The term “clean” is not to be confused with “natural”, a term widely criticised for its ambiguity. “Products and brands ‘free of’ harmful ingredients are considered ‘clean’,” Jensen explains. That includes silicones, parabens and sulfates (especially SLS). “Many natural brands inherently do this, but a brand can be ‘clean’ without being ‘natural’”. Margaret Mitchell, buying director of Space NK, adds that the desire for “clean” is not limited to the “natural” beauty consumer: “It’s irrelevant. Everyone wants clean.”
Your beauty regime will be simplified
While the Korean influence may still be fuelling the birth of new beauty categories – essences, ampoules, overnighters – 2018 will conversely see a beauty movement that is all about simplification. Expect to see convoluted multi-step skincare processes eschewed in favor of multi-purpose products.

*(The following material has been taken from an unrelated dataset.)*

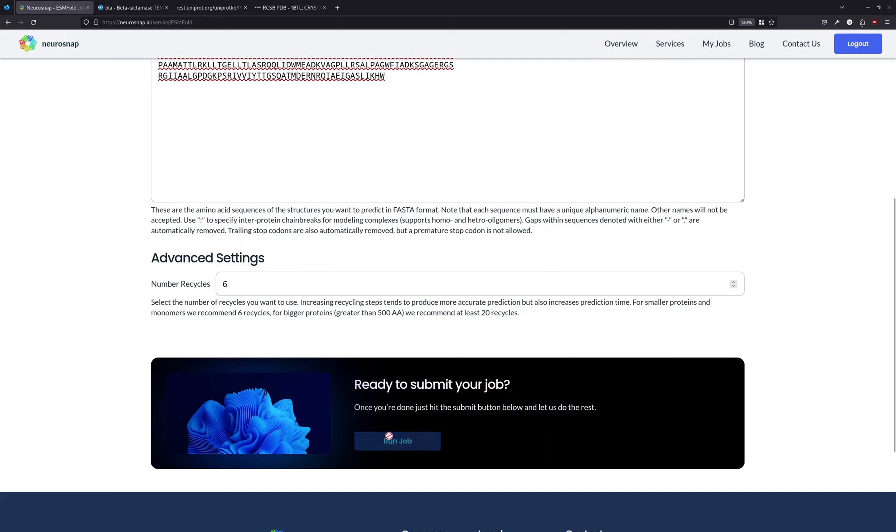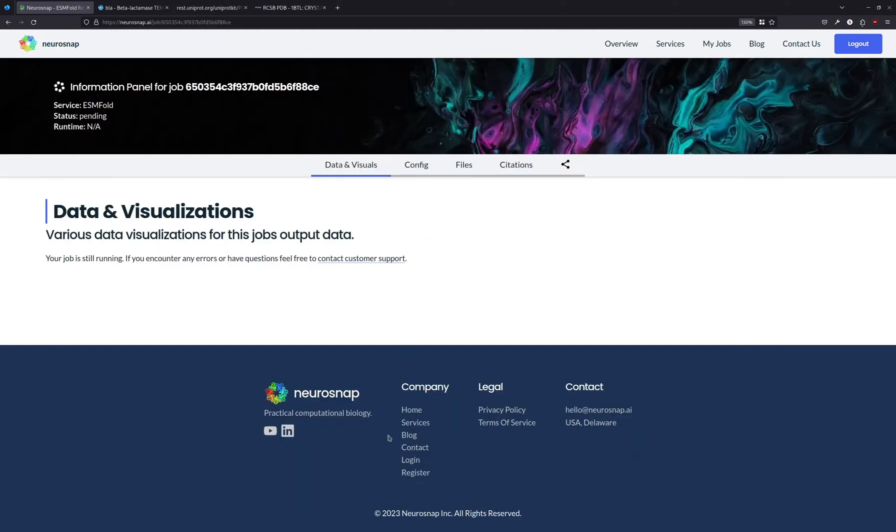Then we're just going to run the job. This is going to take a little bit of time, usually a couple minutes, and after that we're going to resume the recording.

The difference between the new-school multitaskers and their predecessors? Formulations. The new tide of technologically advanced beauty polymaths are rolling out the 3-in-1s in a way that has not been done before. Sarah Coonan, head of beauty at Liberty, says this has been driven by brands such as Lixir: “Their Universal Emulsion, [which is] a day cream, night cream and primer, was a big hit this year.” Lisa Payne, beauty editor at Stylus, agrees: “The launch of Lixir and its snowballing influence have sounded the death knell for complex and lengthy multi-step routines. In 2018, consumers will be most excited by brands that sell a compacted range of products that advocate simplicity and ease.”
Products will fight pollution
The next wave of skin aggressors on everyone’s radar are thanks to pollution, so expect to see anti-pollution skincare ranges multiply. Brands are also working on products that combat other environmental “skin stressors” including air conditioning and heating, captive bacteria (found in closed buildings and on public transport) and the blue light from our computer screens. According to Mitchell, “These are all having a negative impact on the quality of our skin and people are finally waking up to it.”
Brands will be more inclusive
Issues across the political, economic and religious spectrum have caused us to take a closer look at diversity and inclusivity, making them major focal points of 2017. The launch of Fenty Beauty, Rihanna’s all-shades-included brand, boldly led the beauty conversation. While the formidable reach of the LVMH-backed superstar cannot be denied – according to a Tribe Dynamics Cosmetics report, the brand generated US $72 million worth of earned media in its first month – it also silenced industry naysayers who for years have insinuated that “black doesn’t sell”. Industry analysts such as Payne agree that it has set the tone for all other beauty brands: “Fenty brought the need for inclusivity into the spotlight in a way no other brand has.” June Jensen, director of NPD Beauty UK, is also unequivocal about the Fenty influence: “Expect to see many more brands following this strategy in 2018”.